Adam lanzó una carcajada.

—Veo que le conoce bien, monsieur Poirot. Nunca le he visto despierto del todo. Si alguna vez llego a verle así, me daré cuenta de que, por una vez, no está poniendo atención a lo que sucede.

—Tiene usted algo en la cabeza, amigo mío. Está bien observado.

—Ahora —dijo el comisario— vayamos derechos al asunto. No quiero entrometerme ni imponer mis propias opiniones. Estoy aquí para escuchar lo que los hombres que están trabajando de lleno en el caso saben y opinan. Hay una gran cantidad de facetas en toda esta cuestión, y hay una cosa que quizá debiera mencionar antes que nada. Lo que voy a decir ahora es el resultado de ciertas manifestaciones que me han sido hechas por diversos conductos en esferas elevadas —dirigió una mirada a Poirot—. Digamos —prosiguió— que una niña… una colegiala fue a verle para contarle una bonita historia de algo que encontró en el mango ahuecado de una raqueta de tenis. Debió ser muy excitante para ella. Una colección de piedras, diríamos… coloreadas, piedras preciosas magníficamente imitadas… algo por el estilo… o incluso piedras semipreciosas, que a veces parecen tan atractivas como las verdaderas. Sea como sea, pongamos que era algo que una niña encontraría muy emocionante de descubrir. Incluso pudiera tener una idea muy exagerada de su valor. Tal cosa cabe dentro de lo posible, ¿no cree? —miró muy fijamente a Hércules Poirot.

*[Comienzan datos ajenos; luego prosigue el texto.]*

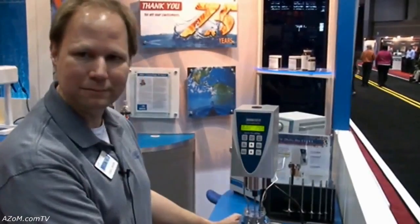Alright David, thanks for your demonstration of the DV2 Pro. Thank you, Cameron. Have a nice day.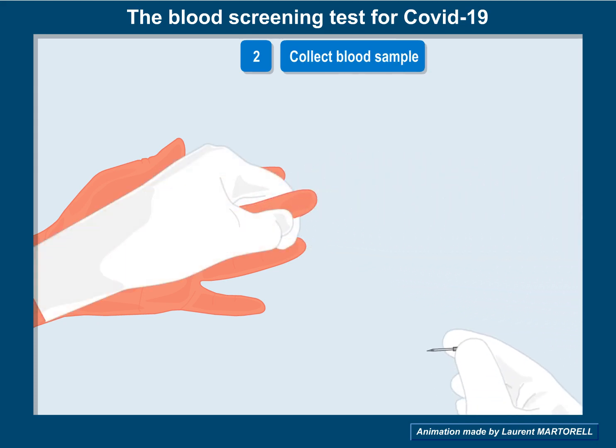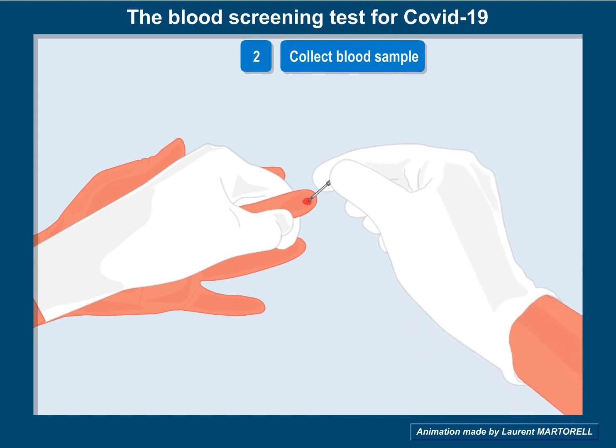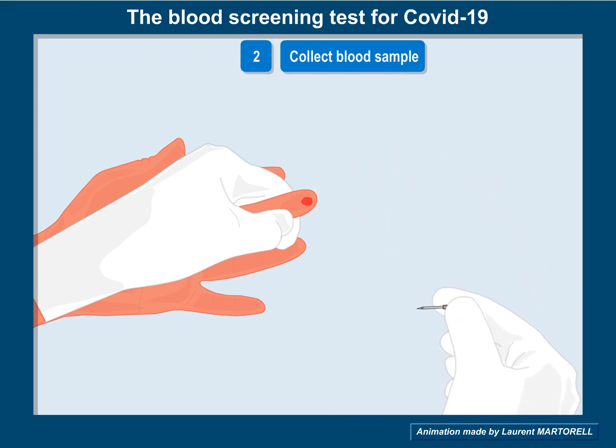Blood is collected by first firmly pricking the finger with a sterile lancet. Then, with a capillary, collect a blood sample.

—Lo encuentro eminentemente posible —determinó Poirot.

—Bien —aprobó el comisario—. Puesto que la persona que introdujo estas… oh… piedras coloreadas en este país lo hizo inocentemente, sin tener conocimiento de ello, no tenemos necesidad de suscitar ningún debate en el sentido de contrabando ilícito. Además —prosiguió— hemos de considerar la cuestión de nuestra política exterior. Me inclino a pensar que la cuestión está bastante… delicada en el momento actual Cuando entran en juego grandes intereses petrolíferos, depósitos de mineral y todas esas cosas, tenemos que tratar con cualquier clase de gobierno que ocupe el poder. No deseamos que surja ningún litigio embarazoso. No se puede silenciar un asesinato a la Prensa, y no ha sido silenciado. Pero no se ha hecho mención para nada de joyas en conexión con el asesinato. Por el presente, al menos, sería de desear que no se mencionase nada.

—Estoy de acuerdo —convino Poirot—. Debemos tener siempre en cuenta las complicaciones internacionales.

—Exactamente —dijo el comisario—. Entiendo que estoy en lo cierto al asumir que el difunto gobernante de Ramat estaba considerado como persona amiga de este país, y las partes interesadas encontrarían muy grato que los deseos del príncipe con respecto a cualquier propiedad suya que pudiera hallarse en este país fueran llevados a efecto. A cuanto asciende infiero que nadie lo sabe en el momento presente. Si el nuevo gobierno de Ramat reclama cierta propiedad que alega pertenecerle, sería mucho más convincente que nosotros no tengamos noticia alguna respecto a la existencia de la susodicha propiedad en este país. Una negativa directa implicaría falta de tacto por nuestra parte.

—Nadie niega de una manera rotunda en la diplomacia —conceptuó Poirot—. En lugar de hacerlo, se acostumbra a decir que tal o cual asunto en cuestión será objeto de la más prolija atención, pero que, de momento, nada se sabe en concreto respecto a ningún pequeño… tesoro en reserva, por decirlo así, que el difunto gobernante de Ramat haya podido poseer. Puede que esté aún en Ramat o que se halle bajo la custodia de algún fiel amigo del fallecido príncipe Alí Yusuf, o pudiera ser que haya sido sacado de aquel país por media docena de personas distintas, o que esté escondido en cualquier sitio en la misma capital de Ramat —alzó los hombros—. Sencillamente, que nadie sabe nada.

El comisario exhaló un suspiro.

—Gracias —dijo—, eso es precisamente a lo que yo me refería —continuó—. Monsieur Poirot, usted tiene amigos en muy altas esferas de este país. Ellos tienen puesta toda su confianza en usted. De manera extraoficial, a estos amigos les gustaría encomendarle cierto artículo, si no tiene nada que objetar.

—No tengo nada que objetar —contestó Poirot—. Dejemos aquí esa cuestión. Tenemos cosas más serias que considerar, ¿no lo estiman así? —les dirigió a todos una mirada circular—. Porque después de todo, ¿qué son tres cuartos de millón o cualquier otra suma en comparación con la vida humana?